In New Zealand, Bauhaus-influenced emigre architects, such as Vladimir Cacala, Imi Porsolt and Heinrich Kulka brought a modernist lightness and sophistication to Auckland’s residential architecture, including homes by Cacala in eastern central Auckland, Porsolt’s now-demolished Broadcasting House and Kulka’s private houses and buildings through the Fletcher Construction Company. Tibor Donner, who eventually became Auckland City Council’s chief architect, led the design of the Parnell Baths, the Michael Joseph Savage Memorial at Bastion Point and several houses in Titirangi.
Francis Gordon Wilson, the Wellington-based chief architect for the New Zealand Department of Housing, was strongly influenced by modernist architectural thinking. He hired a number of European refugee architects, including Ernst Plischke, to work with him on public housing projects, giving them a wider platform for their work.
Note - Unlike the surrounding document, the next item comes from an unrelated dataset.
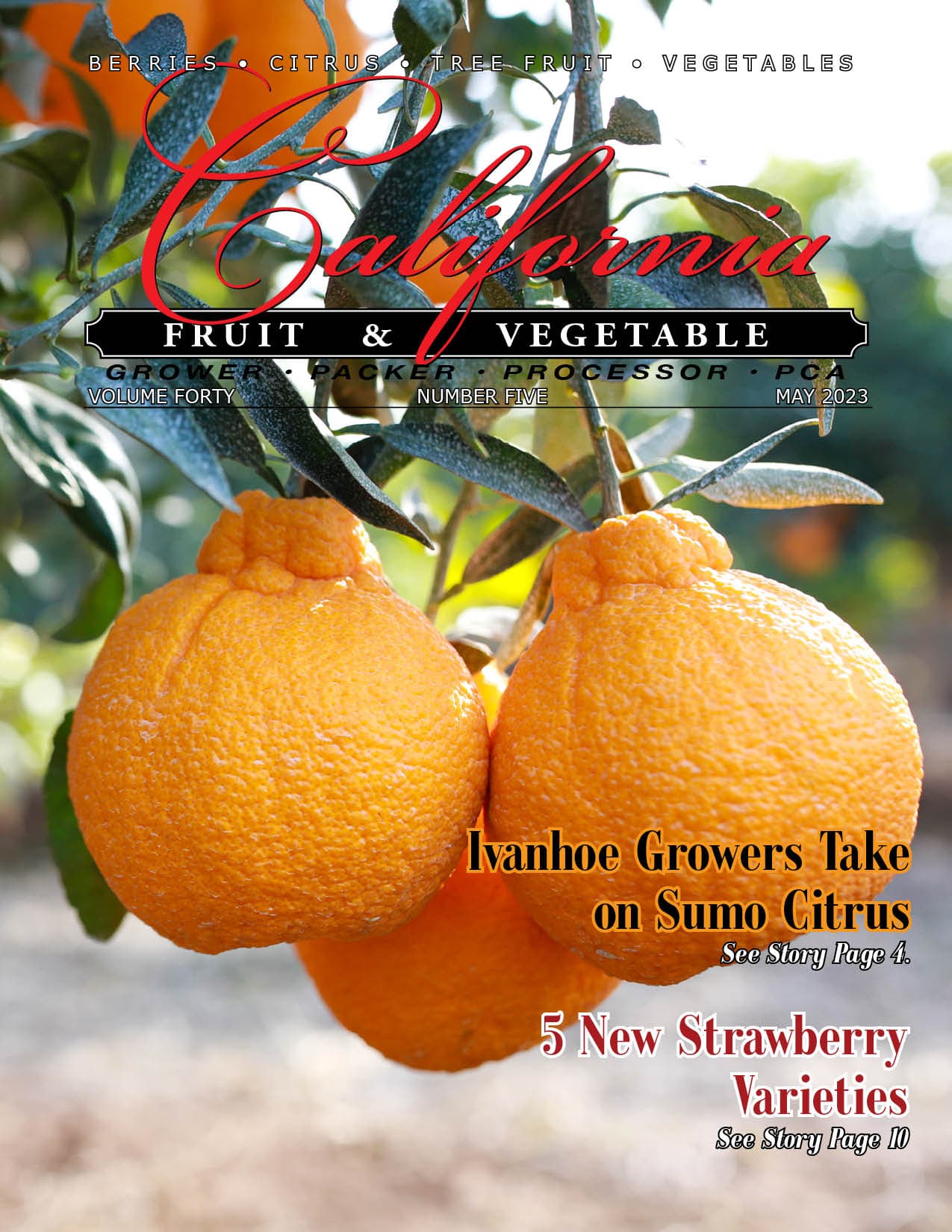 READ – May 2023 Issue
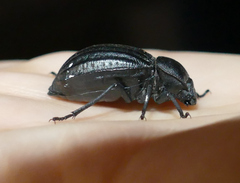 Stenomorpha corrugans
Plischke also designed some of Wellington’s best-known private homes, including the Kahn House and the Sutch-Smith House.
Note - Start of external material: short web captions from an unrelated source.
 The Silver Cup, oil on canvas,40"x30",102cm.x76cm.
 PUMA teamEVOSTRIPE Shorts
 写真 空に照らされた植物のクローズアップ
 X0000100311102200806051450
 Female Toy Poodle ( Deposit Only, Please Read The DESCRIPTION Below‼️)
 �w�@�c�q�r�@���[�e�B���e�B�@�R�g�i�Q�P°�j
Today, the legacy of the Bauhaus can still be seen in the work of local designers and architects, even when the lineage isn't instantly apparent. In Katie Lockhart's design for the new Deadly Ponies flagship store in Ponsonby, the fusion of art with craftsmanship for the interior pieces is a classic Bauhaus approach. The refined, linear Bauhaus approach is apparent in many of furniture designer Simon James' pieces, and Rufus Knight's store interiors for Aesop's Wellington flagship and Lonely.